We had this song 'The Pretender' that we had just played on the 2008 Grammys with a strings section that John Paul Jones from Led Zeppelin had arranged, and we'd sort of made friends from that, so being a total freak -- I mean, I've got Led Zeppelin tattoos -- I thought, 'Well, we've gotta call him.' Their importance is hard to explain. Because I didn't take lessons, I don't understand conventional theory and I can't read music, but listening to their albums taught me so much. And there was just part of me that always fantasized that one day I would be able to jam with these guys. And I figured, this is the most momentous occasion of my entire life, playing Wembley, why not call the band that changed it all for me?
So I got on the phone with [Zeppelin guitarist] Jimmy Page and he basically said, 'Well, what do you want to do?' And I was terrified to answer, but I had to say something, so I said, "How about "Rock and Roll"? And he said, 'Yeah, what else?' I said, 'How about "Ramble On"?' He said, 'Great, see you at rehearsals.' I mean it was that easy, I couldn't believe it. They were such wonderful, generous people.

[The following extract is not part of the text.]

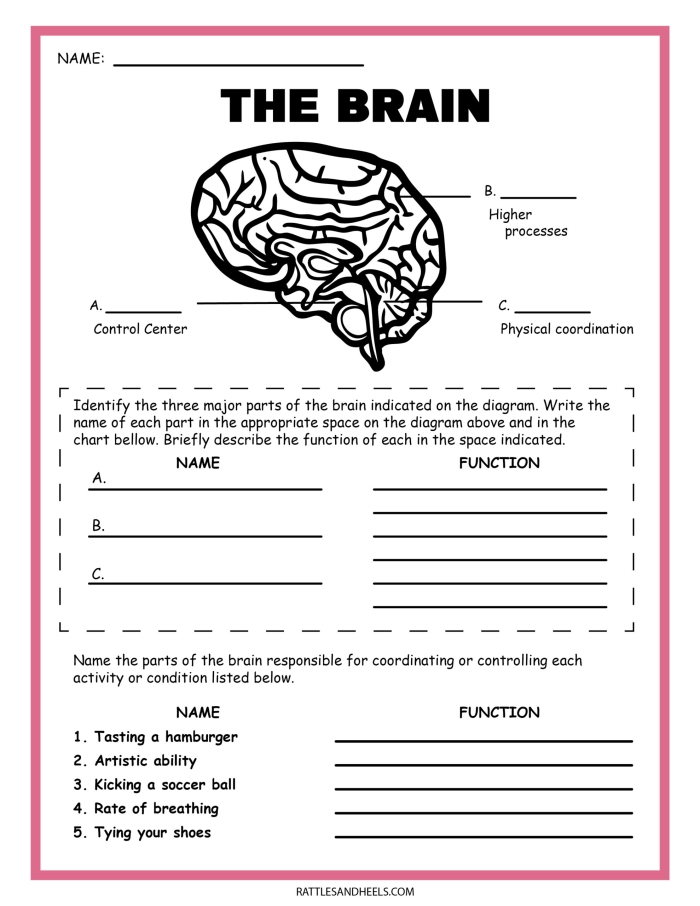 Fourth Grade geometry worksheet exploring basic brain functions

When we rehearsed the day before in the empty stadium, I remember I was so nervous and hungover, and when they showed up and I sat down at the drum set, I couldn't believe that it was finally the moment I had been waiting for. To stand in front of 80,000 people or whatever it was with them -- just being eight feet away from Jimmy Page as he shredded these classic leads, it was almost as if I had fallen into a Led Zeppelin movie.
I remember seeing my mother, my daughter, my wife at the end of this long runway that went out into the middle of the stadium, and thinking, 'This wasn't supposed to happen, this band was never supposed to do this. And I'm so grateful for all the other things in my life, but I'd hate to feel like this was just another show.' It wasn't, and it never will be for me."